PTI reported that the rupee fell 39 paise to an all-time low of 81.18 against the US dollar in early trade after closing at its weakest level ever on Thursday.
Bloomberg quoted the domestic currency last changing hands at 81.1387 per dollar after opening at 81.0612, compared to its record low close of 80.8688 in the previous session.
According to dealers quoted by Reuters, the lack of Reserve Bank of India’s (RBI) active intervention and the Federal Reserve’s (Fed) extremely hawkish view on interest rates, the local unit experienced its biggest single session percentage loss on Thursday since the Ukraine crisis began late in February.
The rupee had accelerated its drop in the final hour of trading on Thursday, closing at its weakest level ever.
“Just based on yesterday’s momentum, the pair (USD/INR) will get to 81 in early trades,” a currency spot dealer at a Mumbai-based bank has told Reuters ahead of the markets open.
“You can expect more importer activity today, and speculators will once again test the RBI, added the dealer.”
The rupee, after a period of outperformance, was among the biggest losers among Asian peers on Thursday.
On Thursday RBI was conspicuous by its absence from the spot market as the rupee fell by 1 per cent possibly as it wanted the rupee to do the catching up, Anil Kumar Bhansali, Head of Treasury at Finrex Treasury Advisors, told PTI.
“All major events are over for this month as we await RBI’s MPC to give its verdict on September 30, 2022,” he added.

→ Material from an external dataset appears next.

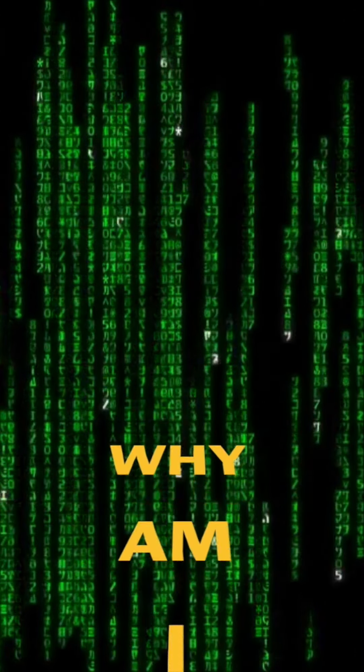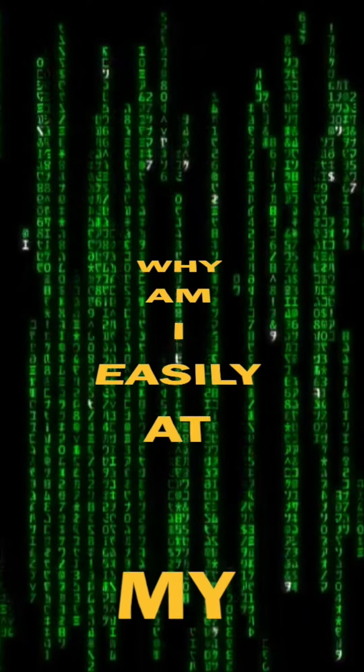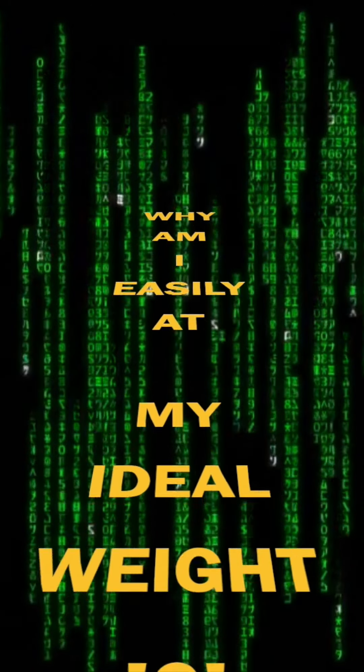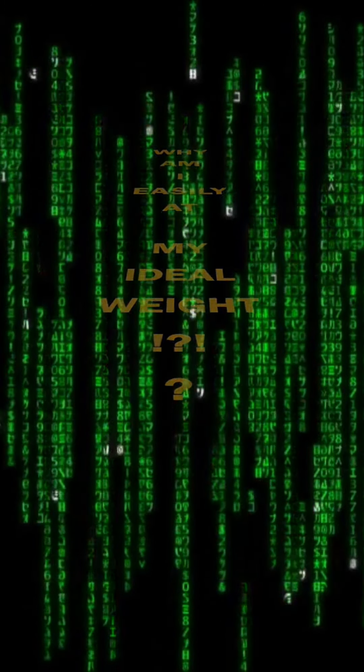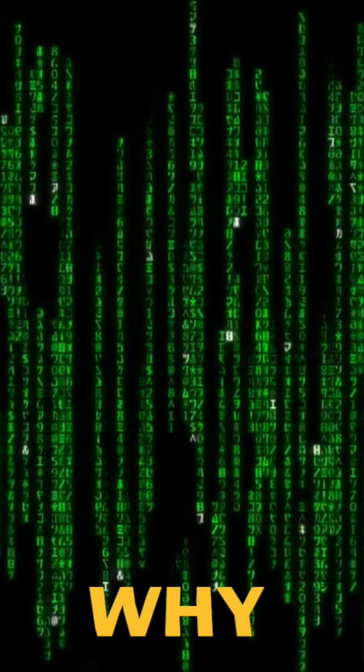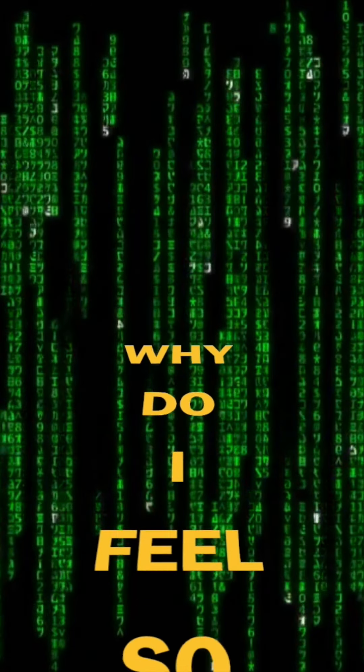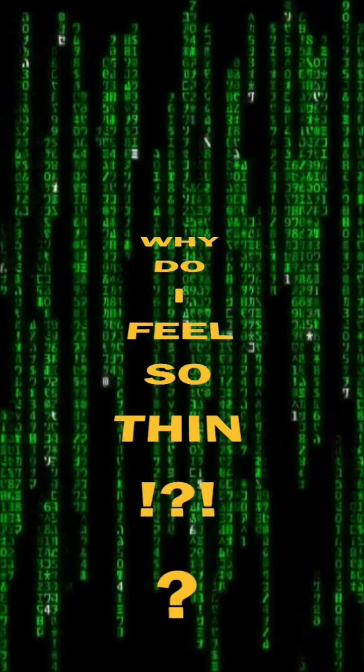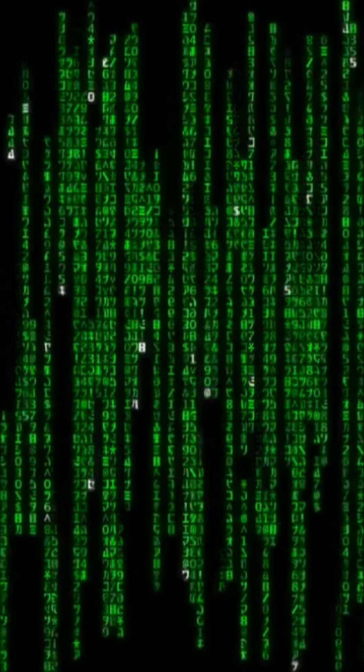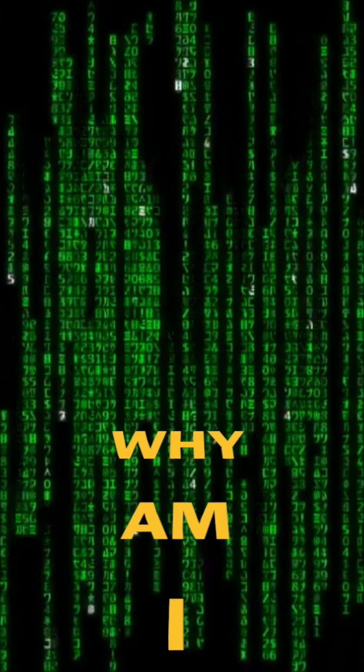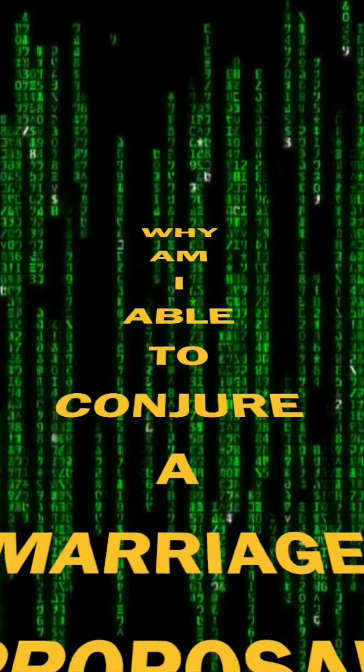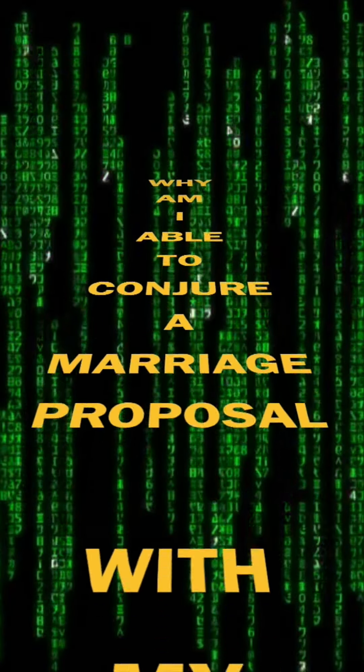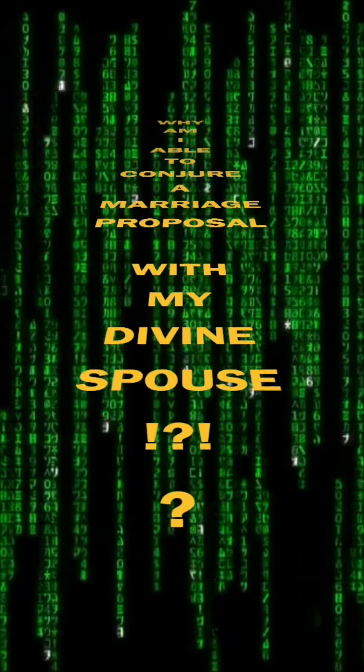Why am I easily at my ideal weight? Why do I feel so thin? Why am I able to conjure a marriage with my divine spouse?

A Reuters survey showed the RBI was set to hike rates again, but economists were split on by how much the central bank will raise.
Interest rates are substantially rising practically everywhere in the world, with hikes this week coming from countries including Britain, Sweden, Switzerland, and Norway.
But the Fed’s aggressive posturing has overshadowed others in the currency market as the greenback has benefited from safety flows and higher yields, while the euro has been hampered by the energy crisis and an impending conflict at its doorstep.
With policymakers predicting an additional 1.25 percentage points of tightening before year’s end, the Federal Reserve has sent its strongest message yet that it is willing to endure a recession as the necessary trade-off for regaining control of inflation.
“We see this new even-higher-for-longer rate path as associated with a substantially greater higher likelihood of a hard landing, and so not just unambiguously hawkish but unambiguously bad for risk,” Krishna Guha, Vice Chairman of Evercore ISI, told Bloomberg.
In response to the strengthening greenback, which has been supported by a very hawkish Fed and rising Treasury yields that have kept the dollar in demand, the euro, the Australian currency, and the New Zealand dollar were hovering near their recent lows on Friday.
In contrast, after Japanese officials intervened in foreign exchange markets for the first time since 1998, the yen was on course to post its first weekly gain in more than a month on Friday, while a surging dollar kept other currencies trapped near multi-year lows.
Despite efforts to prevent the depreciation, the offshore yuan declined even as the People’s Bank of China set the daily reference rate higher than anticipated for a 22nd day.